United States District Court, Southern District of New York
September 16, 1991
IN RE JOINT EASTERN AND SOUTHERN DISTRICT ASBESTOS LITIGATION, THIS DOCUMENT RELATES TO: JOHN MAIORANA.
The opinion of the court was delivered by: Sweet, District Judge.
Plaintiff Arlene Maiorana ("Maiorana") has moved by letter to
reconsider, pursuant to Federal Rule of Civil Procedure
60(b)(2), the opinion of February 26, 1991, In re Joint Eastern
and Southern District Asbestos Litigation (Maiorana),
758 F. Supp. 199 (S.D.N.Y. 1991) (the "February Opinion"), which
granted the motion of defendant Owens-Corning Fiberglas Corp.

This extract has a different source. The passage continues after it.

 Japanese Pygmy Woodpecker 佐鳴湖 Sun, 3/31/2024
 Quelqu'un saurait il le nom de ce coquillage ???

("OCF") and others for summary judgment dismissing her claim
based on her inability to show that her husband's colon cancer
was more probably than not the product of occupational exposure
to asbestos. Maiorana previously moved to reargue the February
Opinion, a motion which was denied by opinion of April 2 (the
"April Opinion"). For the following reasons, Maiorana's motion
to reconsider the earlier decision is denied.
The parties, facts and prior proceedings are set forth in the
February and April Opinions, familiarity with which is
presumed. After her motion for reargument or reconsideration of
the February Opinion was denied in the April Opinion, Maiorana
submitted a letter dated April 4, 1991, seeking "to renew
plaintiff's motion for reargument." This letter was treated as
a motion to reconsider the February Opinion based on Maiorana's
alleged "newly discovered evidence;" oral argument was heard on
April 19. After further submissions from both parties, the
matter was fully submitted as of May 3, 1991.
The basis for the present motion is Maiorana's assertion that
this Court did not give proper attention to a supplemental
report of Dr. Markowitz ("Markowitz") dated March 5, 1991 (the
"Supplemental Report"), which was submitted as part of the
original motion to reargue or reconsider the February Opinion.
That report was itself based on Markowitz's review of certain
chest x-rays of Mr. Maiorana taken in December 1982 (the "1982
X-Rays"). Based on these x-rays, Markowitz concluded that Mr.
Maiorana had suffered from parenchymal asbestosis.
The 1982 X-Rays had not been provided to Markowitz or to OCF
prior to the issuance of the February Opinion. Maiorana's
counsel sought to explain this situation based on the, fact
that Maiorana was unaware of the existence of the 1982 X-Rays
prior to January 8, 1991. Although she had initially responded
in July 1988 to interrogatories which sought to identify all
potential sources of medical records for Mr.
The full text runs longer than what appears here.